- [Task brief]:
Skip every picture, and output exactly the lines starting at the one with "Biomass Pellet Fired" and running through the last line of the material below.

- [Collected data]:
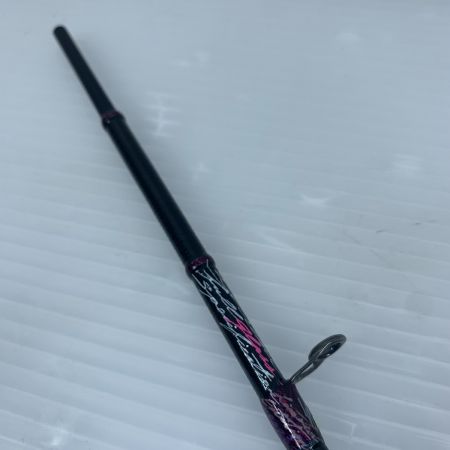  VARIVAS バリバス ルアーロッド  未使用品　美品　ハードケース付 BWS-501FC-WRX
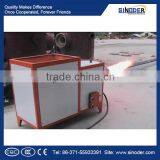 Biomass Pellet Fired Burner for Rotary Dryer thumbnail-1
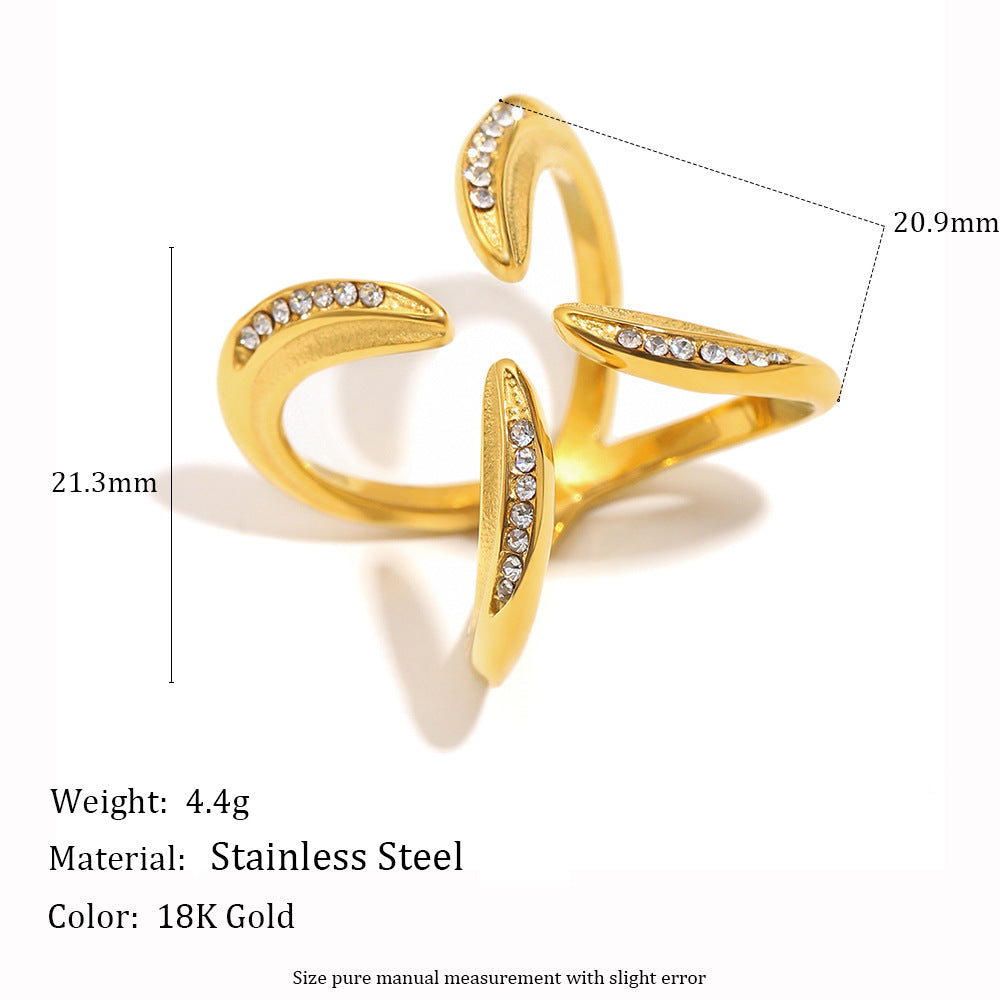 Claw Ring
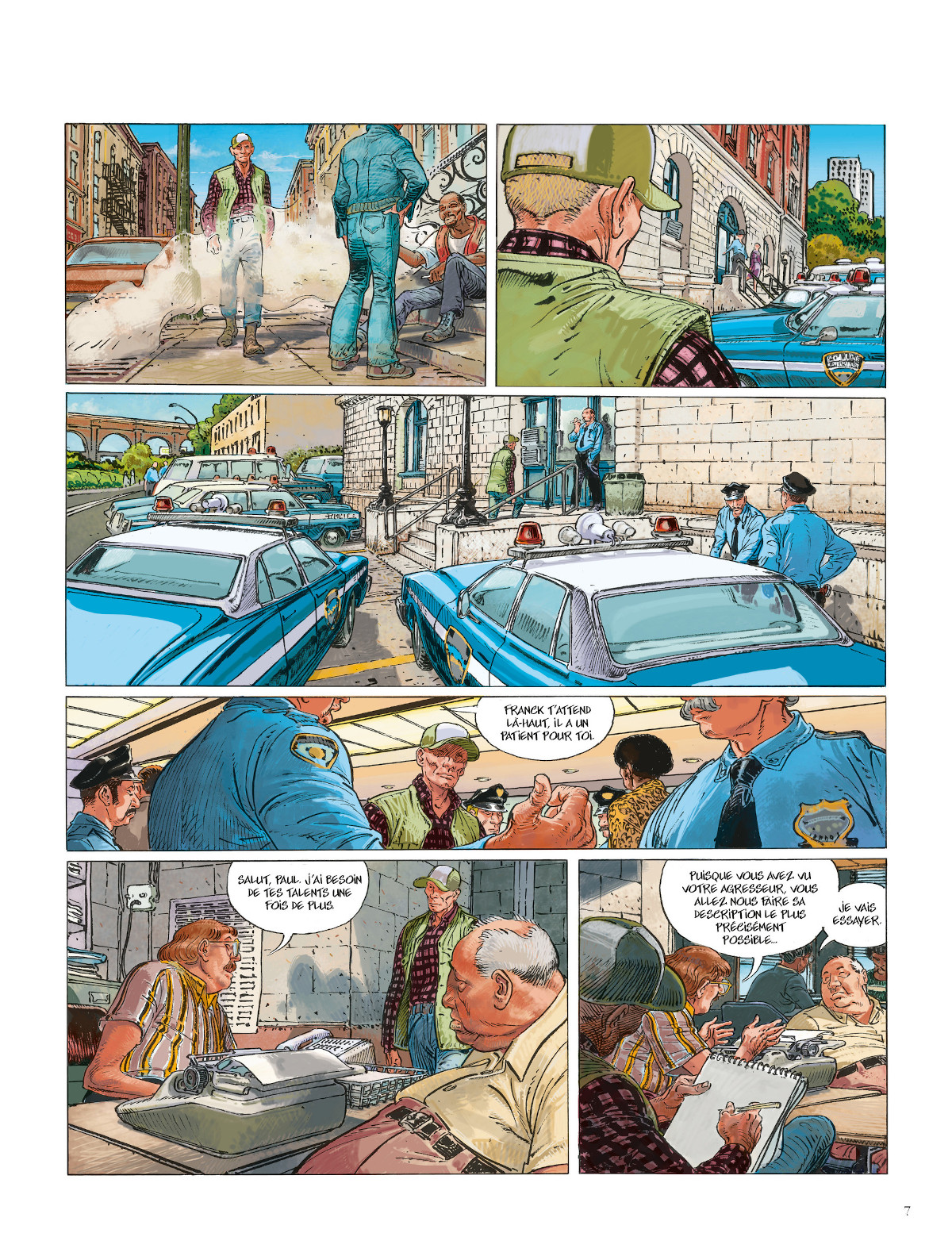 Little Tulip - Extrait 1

- [Your response]:
 Biomass Pellet Fired Burner for Rotary Dryer thumbnail-1
 Claw Ring
 Little Tulip - Extrait 1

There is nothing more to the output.